RECORDS PROVIDED |
- - -

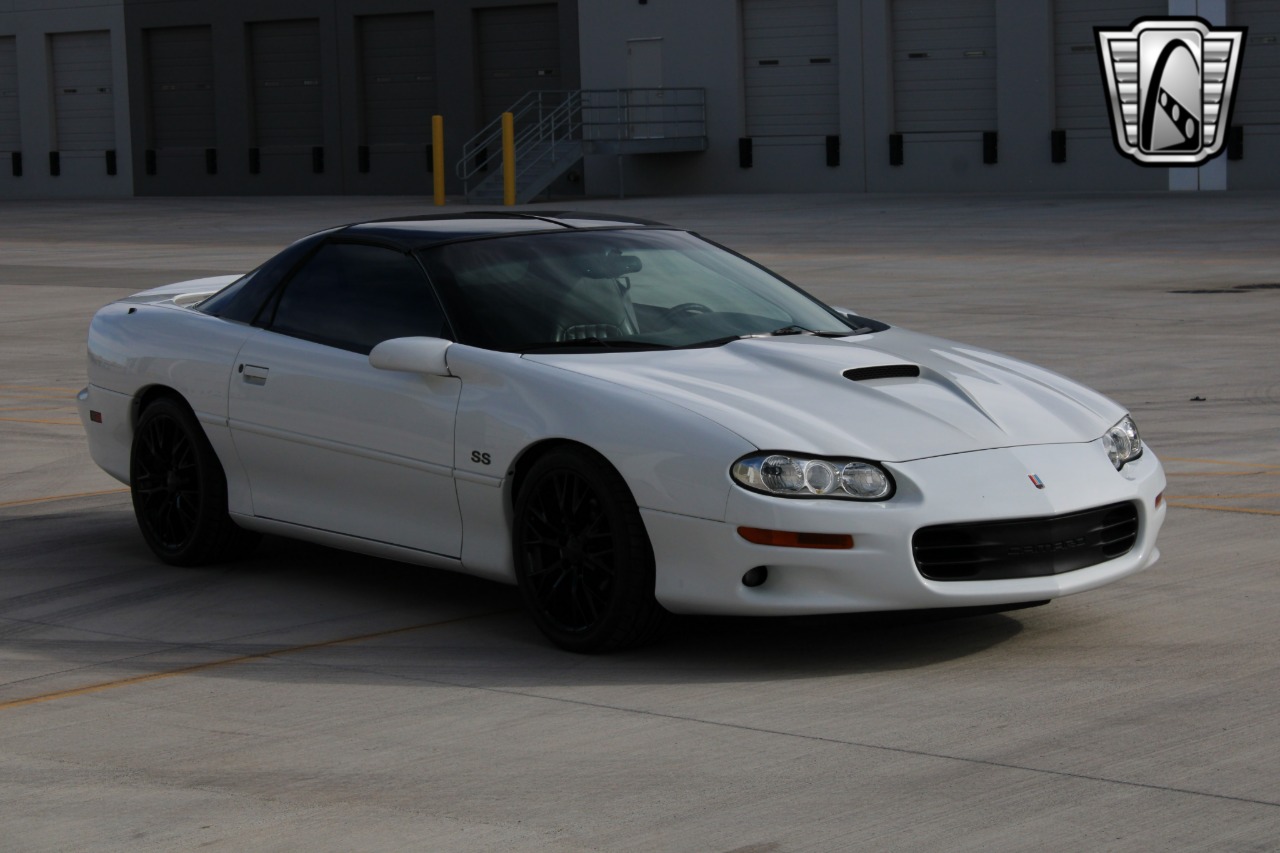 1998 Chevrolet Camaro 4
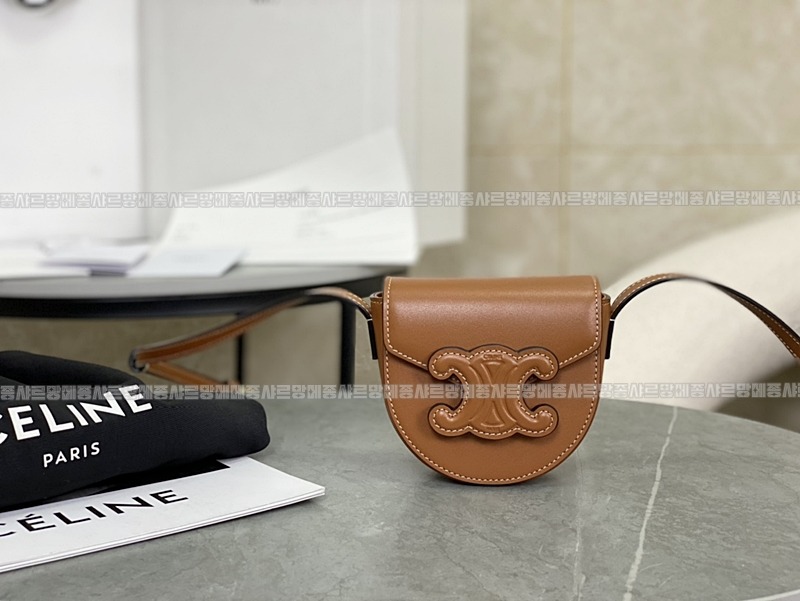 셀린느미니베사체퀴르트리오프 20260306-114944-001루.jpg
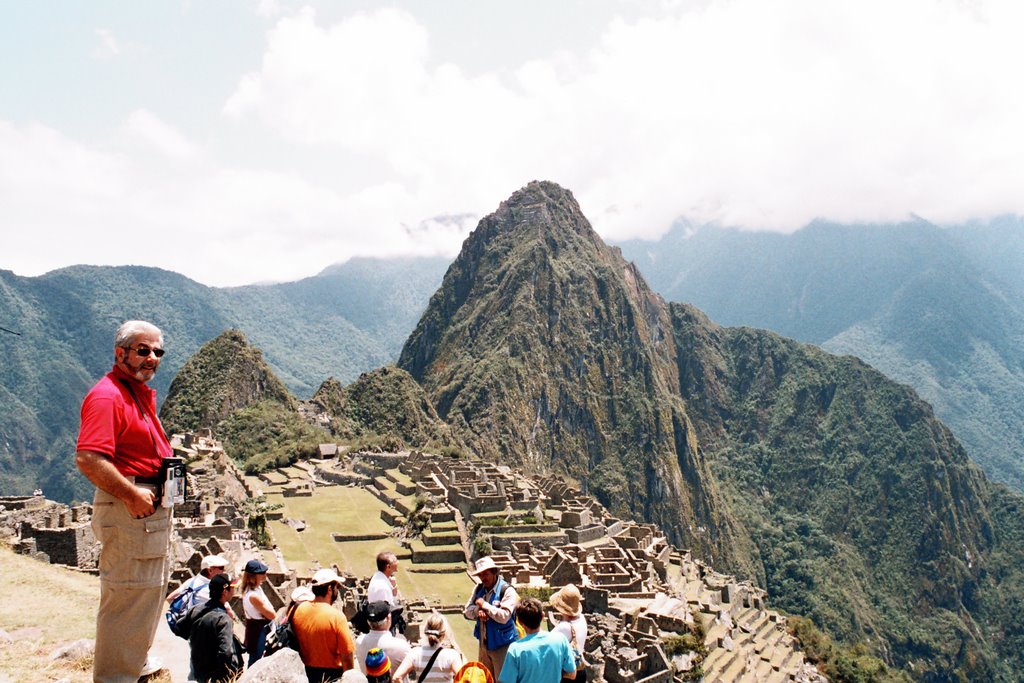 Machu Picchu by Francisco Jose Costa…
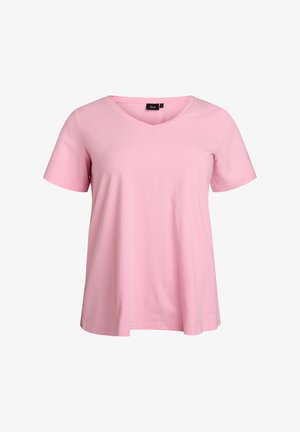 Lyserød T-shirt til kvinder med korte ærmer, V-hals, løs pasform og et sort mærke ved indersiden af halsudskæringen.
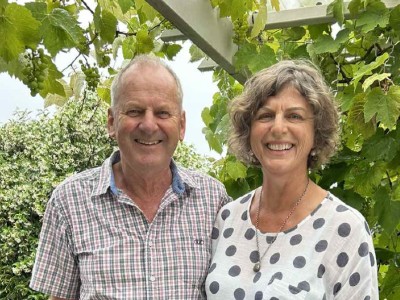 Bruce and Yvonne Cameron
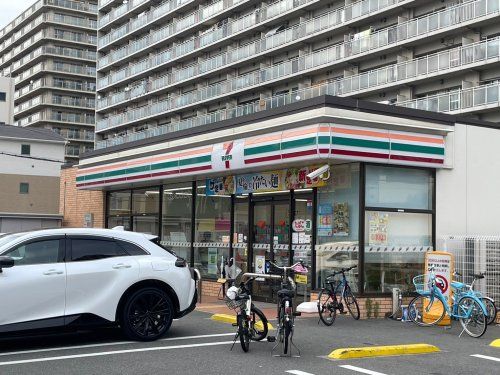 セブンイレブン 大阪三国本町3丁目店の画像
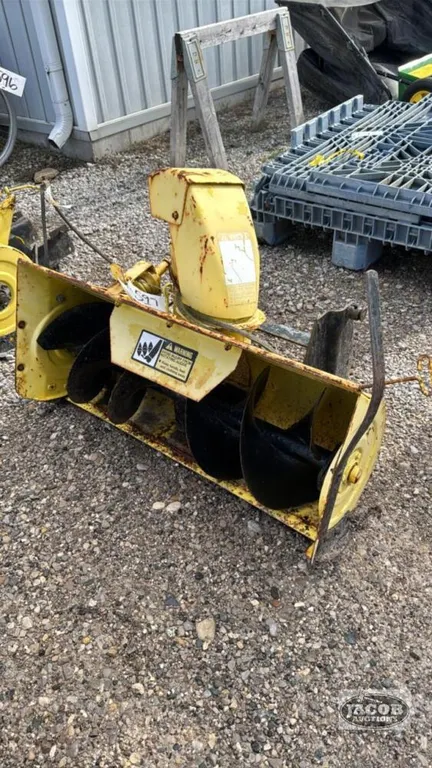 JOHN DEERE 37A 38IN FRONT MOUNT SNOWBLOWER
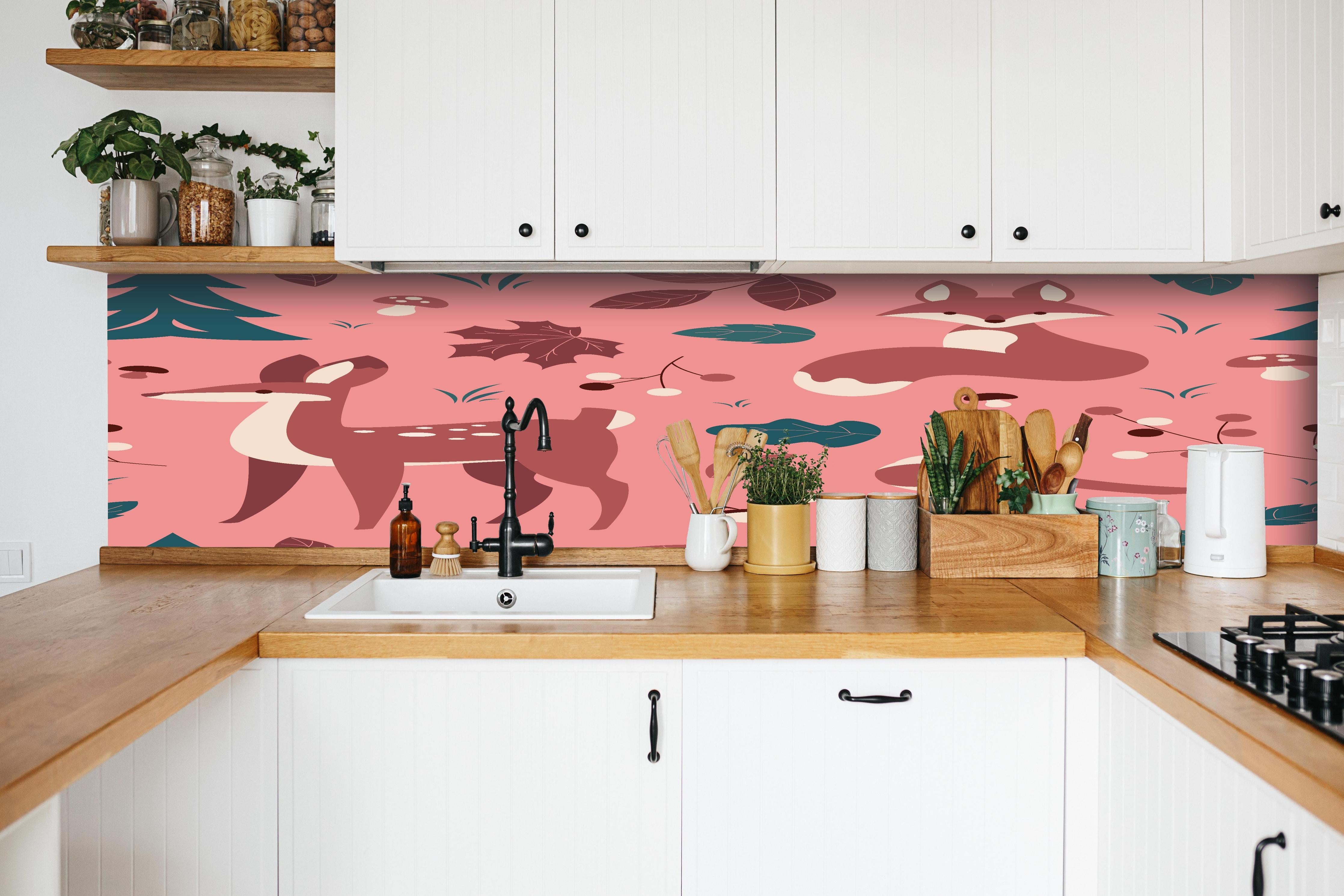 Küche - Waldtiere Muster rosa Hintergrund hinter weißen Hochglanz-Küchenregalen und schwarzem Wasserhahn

- - -

TASK INSTRUCTIONS |
The data above, line by line: transcribe it exactly and drop the pictures.

SOLUTION FOR THIS PROBLEM |
 1998 Chevrolet Camaro 4
 셀린느미니베사체퀴르트리오프 20260306-114944-001루.jpg
 Machu Picchu by Francisco Jose Costa…
 Lyserød T-shirt til kvinder med korte ærmer, V-hals, løs pasform og et sort mærke ved indersiden af halsudskæringen.
 Bruce and Yvonne Cameron
 セブンイレブン 大阪三国本町3丁目店の画像
 JOHN DEERE 37A 38IN FRONT MOUNT SNOWBLOWER
 Küche - Waldtiere Muster rosa Hintergrund hinter weißen Hochglanz-Küchenregalen und schwarzem Wasserhahn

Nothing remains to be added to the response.